Raeford Farms of LA v. Luster

Opinion

IN THE UNITED STATES COURT OF APPEALS FOR THE FIFTH CIRCUIT

No. 02-30327 Summary Calendar

In the Matter Of: RANDALL FARMS, LLC, Debtor, --------------------------------------------------- RAEFORD FARMS OF LOUISIANA, LLC, Appellee, versus JOHN W. LUSTER, Trustee, Appellant.

-------------------- Appeal from the United States District Court for the Western District of Louisiana USDC No. 01-CV-674 -------------------- October 21, 2002 Before BARKSDALE, DeMOSS, and BENAVIDES, Circuit Judges.

PER CURIAM:* Appellant, the bankruptcy trustee of Randall Farms, appeals the holding of the district court, which, in reversing an order of the bankruptcy court, required him to endorse the certificates of title of various motor vehicles that were sold by Randall Farms to a third party and, ultimately, to appellee.

* Pursuant to 5TH CIR. R. 47.5, the court has determined that this opinion should not be published and is not precedent except under the limited circumstances set forth in 5TH CIR. R. 47.5.4.

No. 02-30327 -2- As an initial matter, it is clear that the district court’s order reversing the bankruptcy court is final, and, therefore, subject to appeal. Indeed, so long as a district court order ends a discrete piece of litigation in a bankruptcy case, such a case “need not be appealed as a single judicial unit at the termination of the [bankruptcy] proceeding as a whole.” In re County Management, Inc., 788 F.2d 311, 313 (5th Cir. 1986) (internal citations and quotation marks omitted). As this matter involves a discrete piece of litigation, it therefore may be appealed.

Appellant also asserts that the district court erred in granting leave to appeal the holding of the bankruptcy court.

Appellee responds that the district court’s granting leave to appeal the bankruptcy court’s order is interlocutory, and thus not subject to review. Yet, the order granting leave to appeal is in fact subject to review, as a final order has now issued from the district court. Accordingly, the district court’s granting leave to appeal is subject to our review. To determine whether the district court’s granting leave of appeal constituted an abuse of discretion, see 28 U.S.C. § 158(a), an analysis of the merits of the issue is necessary.

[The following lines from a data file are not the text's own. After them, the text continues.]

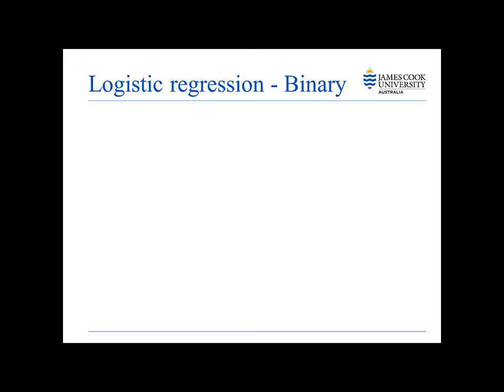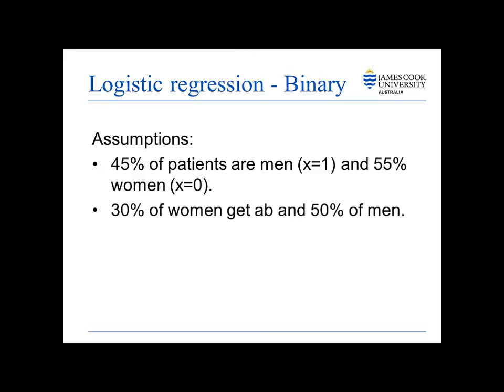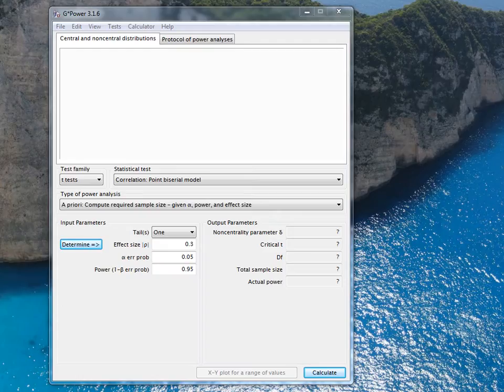Let's start with the binary one. Let's assume that 45% of the patients attending are men and 55% are women. Let's assume that 30% of the women get an antibiotic prescription and 50% of the men get an antibiotic prescription. So being male would be a risk factor for getting an antibiotic prescription.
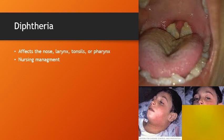Diphtheria may affect the nose, larynx, tonsils, and oral pharynx — tonsillar and pharyngeal infections are most common. A pseudomembrane forms over the pharynx, uvula, tonsils, or soft palate, appearing as a yellowish-white coating. The neck becomes edematous and lymphadenopathy can develop, causing airway obstruction and possible suffocation. Routine infant immunizations can prevent this disease. Therapeutic management involves antibiotics, antitoxins, and careful airway management.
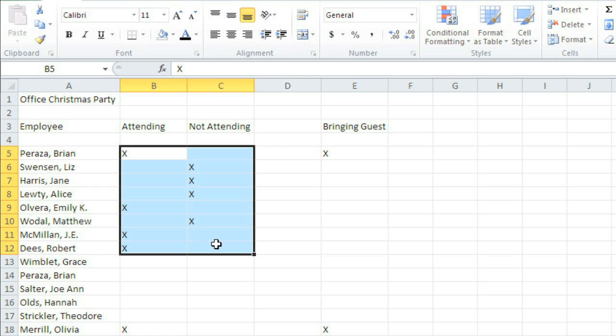You can enter lots of things into a cell. For example, all of mine contain text. But cells can contain advanced properties too, like formatting, comments, formulas, and functions. We'll take a look at those in another series of lessons.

Appellant contends that the vehicles at issue are part of the bankruptcy estate. Although the certificates of title of the vehicles have not been signed over to appellee, the sale of the vehicles had been consummated prior to Randall Farm’s petitioning No. 02-30327 -3- for bankruptcy, which, under Louisiana law, is sufficient to transfer ownership of the vehicles. See Zilkha Energy Co. v. Leighton, 920 F.2d 1520 (10th Cir. 1990) (holding that the extent and efficacy of any such judicial lien is determined by state law); La. Civ. Code art. 2456 (noting that “[o]wnership is transferred between the parties as soon as there is agreement on the thing and the price is fixed, even though the thing sold is not yet delivered nor the price paid”); Wright v. Barnes, 541 So. 2d 977, 979 (La. App. 2 Cir. 1989) (“The sale of a motor vehicle is governed by the civil code articles relating to the sale of movables, and is not affected by non-compliance with the requirements of the Vehicle Certificate of Title [Law].”) (internal citations omitted).

Thus, as appellee owns the vehicles at issue under Louisiana law, the district court was correct to conclude that appellant must endorse the certificates of title, a mere ministerial act to ensure compliance with the administrative proceedings of Louisiana law. Thus, the district court’s granting leave of appeal does not qualify as an abuse of discretion and, moreover, reversing of the bankruptcy court’s order was appropriate.

Accordingly, the district court’s decision is AFFIRMED.